The Photographer (though may need to do some modifications based on type of photography)
The Romantic Anthropologist (because someone needs to tackle the student portion of the project)
The Tourist (could be very effective, especially with being in a tourist community and being a foreigner myself)
The Postmodern Writer (someone with my own voice who will tell stories creatively)
The Poet (a new one! but I think it could be very viable)
The Experiencer (can I work it to make it worthwhile?)

Any other ideas out there?  I am so excited to get started!  Maybe a methods practice will be beneficial for me....

Friday, 14 January 2011

Here We Go Again!

I should have started this blog awhile ago.  It is a continuation of the research I began in Ghana, Africa with the field studies program at BYU experimenting with different mediums and methods in travel writing while exploring the authenticity of experience.  My time in Ghana was amazing, and that project can be found here.  This time, however, I am continuing my research in a very different part of the world.
McLeod Ganj, a suburb of Dharamsala, India.

This is a town nestled between the ridges of the majestic Himalayas.  It is the home of His Holiness the Dalai Lama along with the Tibetan government living in exile, still trying to win their homeland back from China.

After completing my first field study I recognize just how much I do not know about this community.  Going as a field facilitator also makes that experience a little more interesting.  I am, however, anxious to learn more and to have yet another great experience abroad while exploring my topic of interest.

Here is where I am at so far... just to document the exploration phase of my project.  I am going to stick to my avatar approach where I looked at how different mediums and viewpoints altered the my experience as a single traveler.  My framework will essentially be the same (except I will polish it up based on my conclusions from Ghana), but this time I am exploring a different topic while in the field.

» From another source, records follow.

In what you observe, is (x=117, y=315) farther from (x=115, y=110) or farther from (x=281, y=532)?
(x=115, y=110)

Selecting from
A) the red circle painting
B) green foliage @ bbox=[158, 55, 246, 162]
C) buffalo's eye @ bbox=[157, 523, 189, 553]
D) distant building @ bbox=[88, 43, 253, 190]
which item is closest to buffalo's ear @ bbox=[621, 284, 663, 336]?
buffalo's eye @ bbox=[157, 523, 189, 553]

At first I wanted to look at how both Tibetans and Hindu's maintain their religious identity while in a tourist community.  After reading the book Nine Lives In the Search of the Sacred in Modern India by William Dalrymple, however, I am looking at two other topics that could be of interest.  First, what is the literacy culture like.  So many of the stories found in this book looked at poetry, ancient texts, and story telling, and I am curious how those play a role in raising awareness for the Tibetan cause.  Another idea, based on the format Dalrymple wrote this book in, would be to have a creative writing project as my final product in addition to my blog.  What I think would be interesting would be to get a kind of portrait of Dharamsala-just talk to different people and hear their stories and get a sense for this community.  It was only after reading the chapter on Dharamsala in this book that I was really able to stop objectifying the Chinese invasion of Tibet.  It made it more personal, more real, and it ignited something in me that I would like to take a part in.